Source data below:

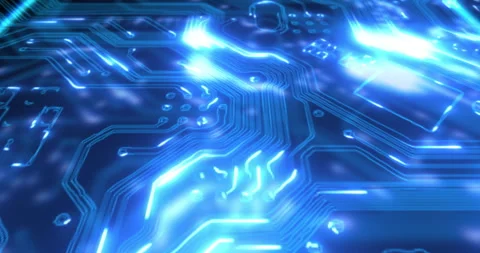Microchip, circuit board and big data with digital abstract and technology Stock Footage 244567024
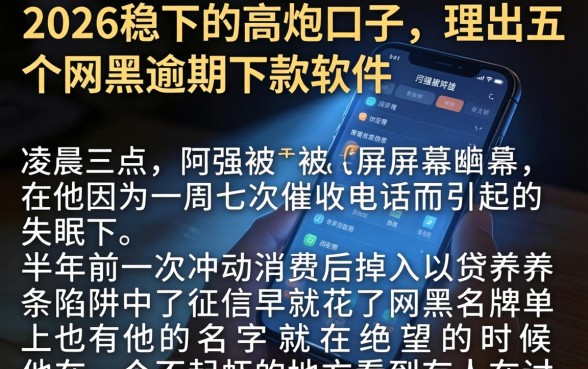2026稳下的高炮口子，理出五个网黑逾期下款软件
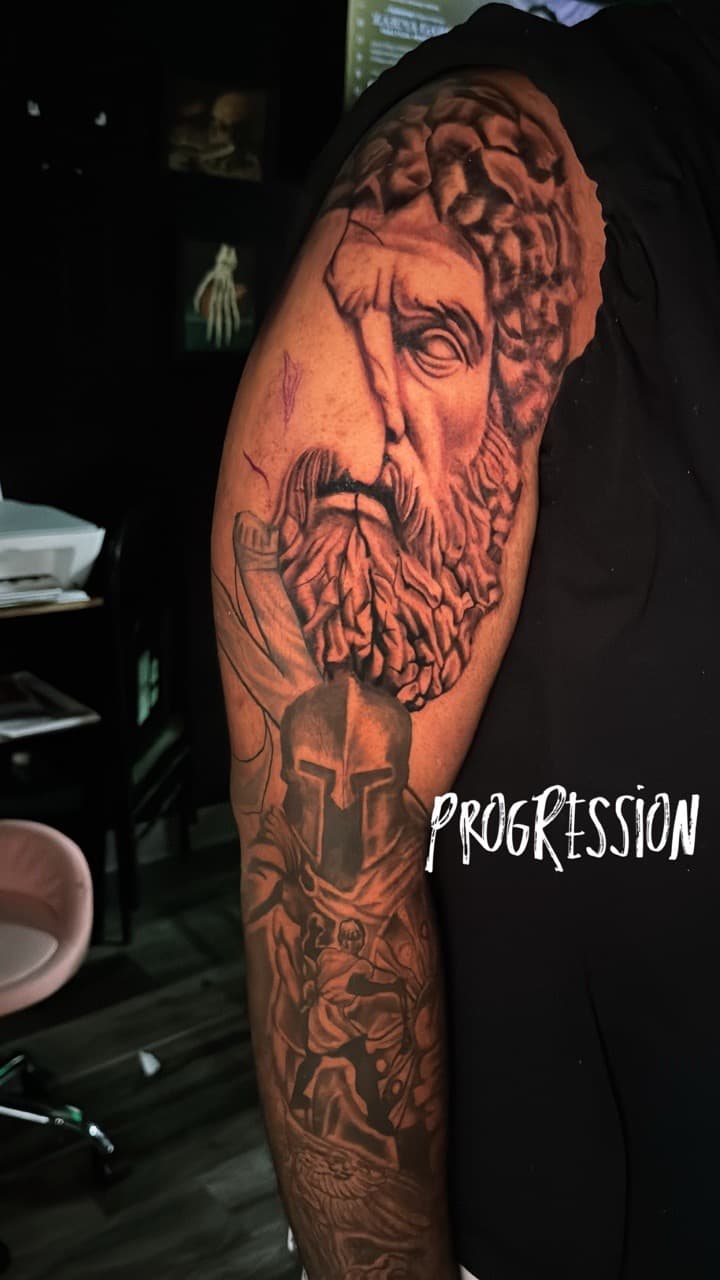 Black & Grey + Realism statue tattoo on Full Sleeve by Inkheadz on TattMe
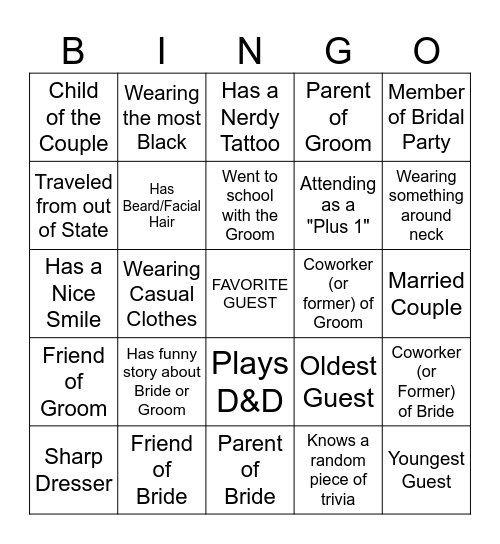 Find a Guest Bingo Card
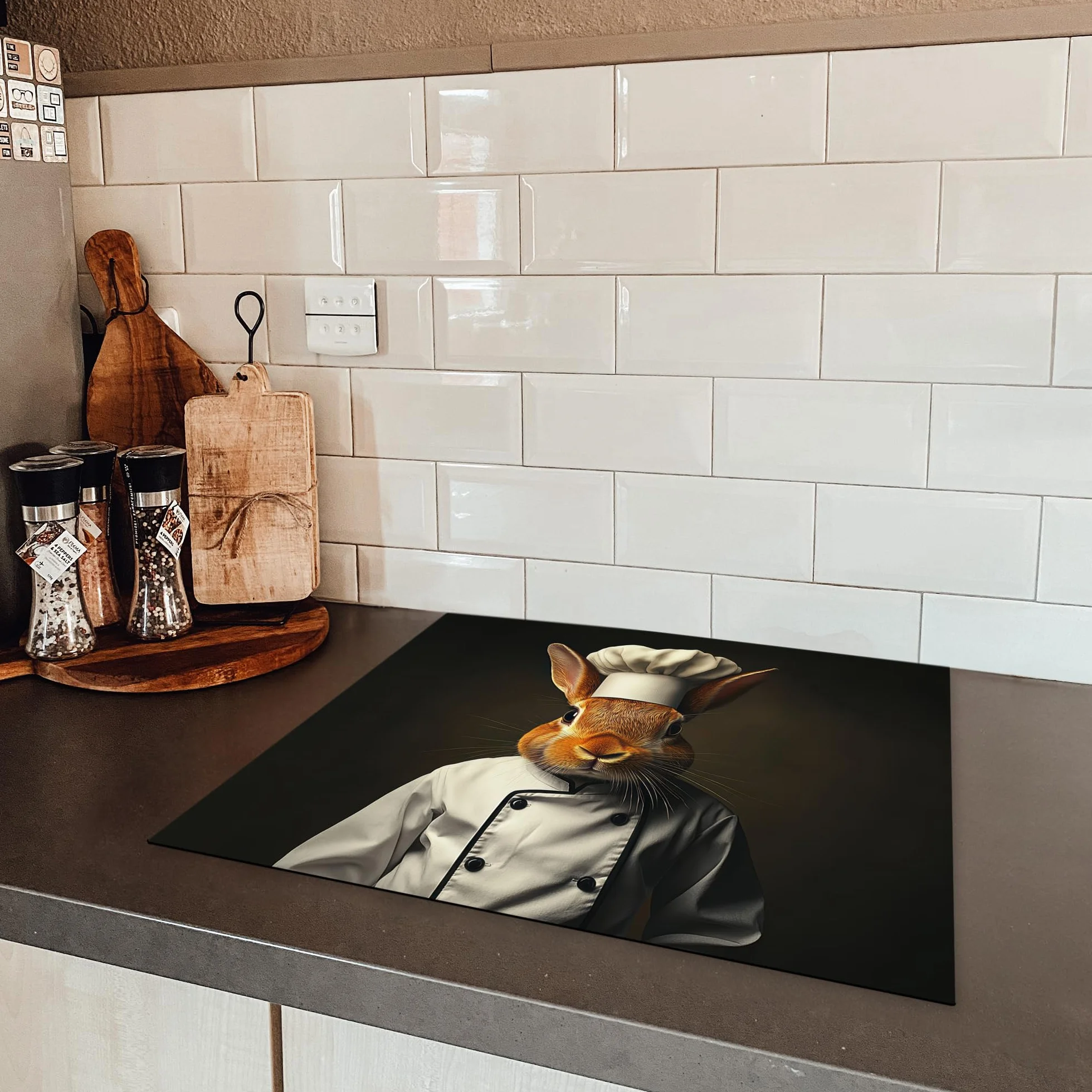Protection Plaque Induction 60x52 cm KitchenYeah Cache Protège De Cuisson Lapin Cuisinier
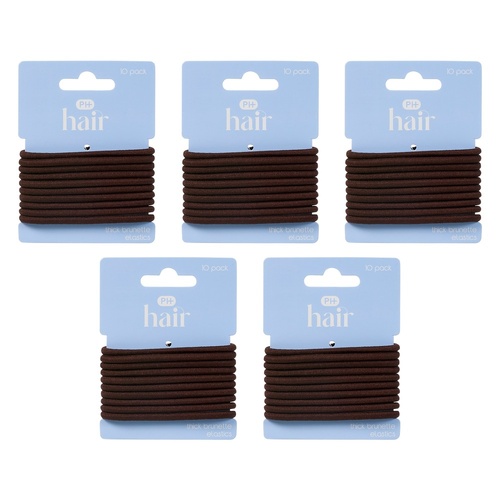 Pharmacy Health Thick Elastics Brunette 10 Pack Bundle of 5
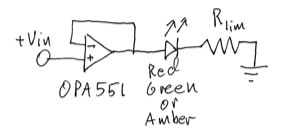 Op amp driving LED with limiting resistor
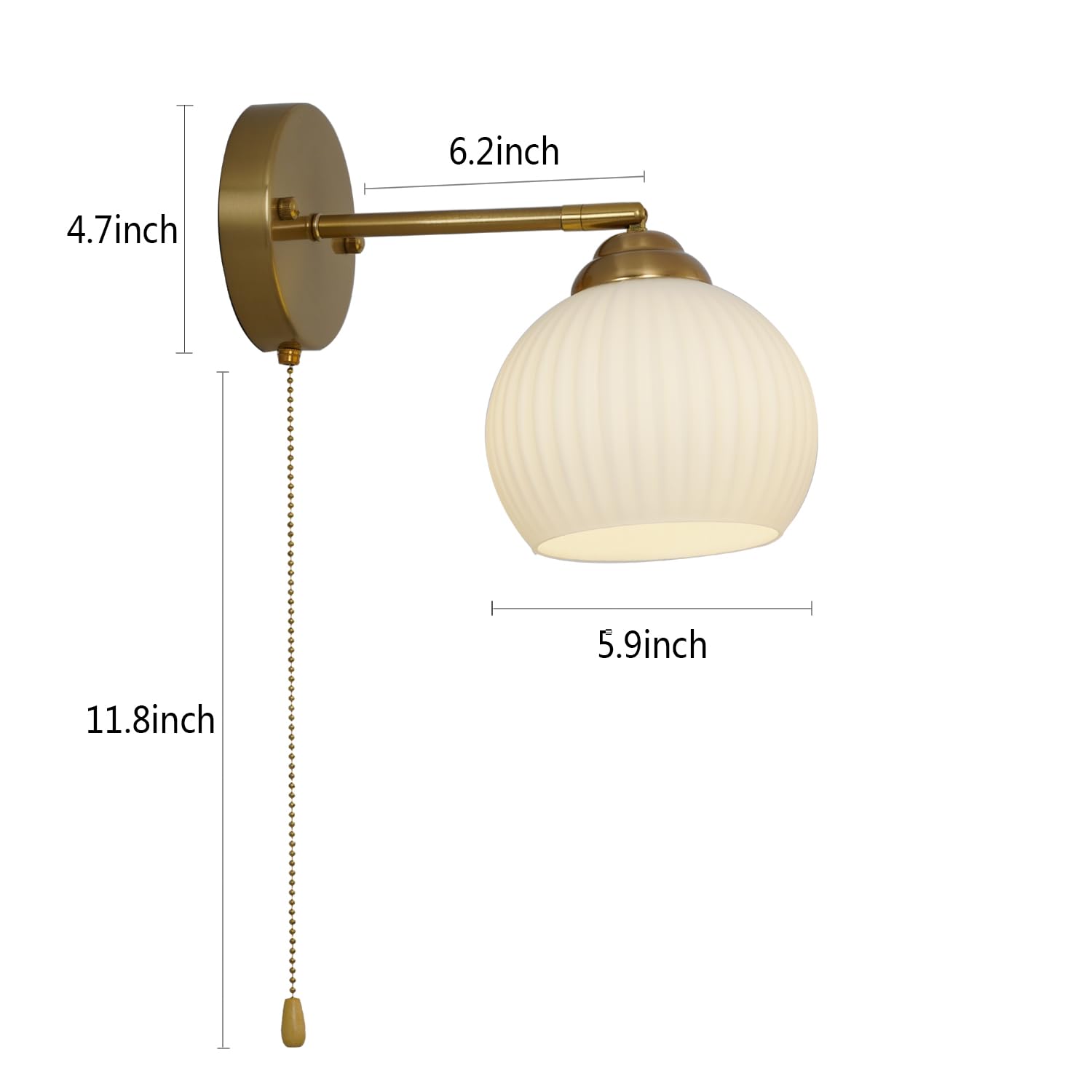 Gold Wall Sconce, mid Century Modern Sconce with Hand Pull Switch Indoor Wall Sconce for Bedroom Bedside Bathroom Kitchen Vanity Hallway Wall Mounted Light Fixture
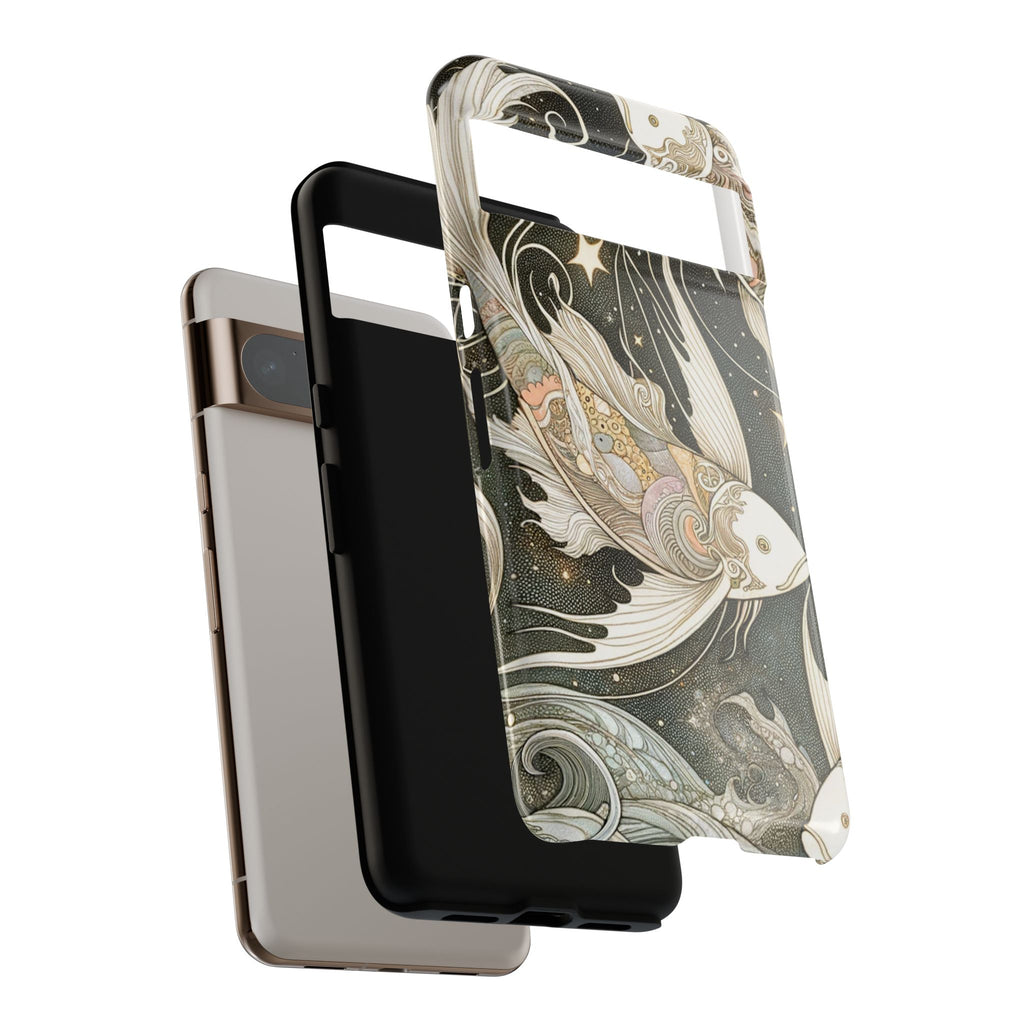 Artistic Phone Case, Cosmic Fish Design, Phone Accessory, Unique Gift, Zodiac Decor, Starry Night Vibes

End of Source data.

Word for word, give the data above again, without any images.

Microchip, circuit board and big data with digital abstract and technology Stock Footage 244567024
2026稳下的高炮口子，理出五个网黑逾期下款软件
 Black & Grey + Realism statue tattoo on Full Sleeve by Inkheadz on TattMe
 Find a Guest Bingo Card
Protection Plaque Induction 60x52 cm KitchenYeah Cache Protège De Cuisson Lapin Cuisinier
 Pharmacy Health Thick Elastics Brunette 10 Pack Bundle of 5
 Op amp driving LED with limiting resistor
 Gold Wall Sconce, mid Century Modern Sconce with Hand Pull Switch Indoor Wall Sconce for Bedroom Bedside Bathroom Kitchen Vanity Hallway Wall Mounted Light Fixture
 Artistic Phone Case, Cosmic Fish Design, Phone Accessory, Unique Gift, Zodiac Decor, Starry Night Vibes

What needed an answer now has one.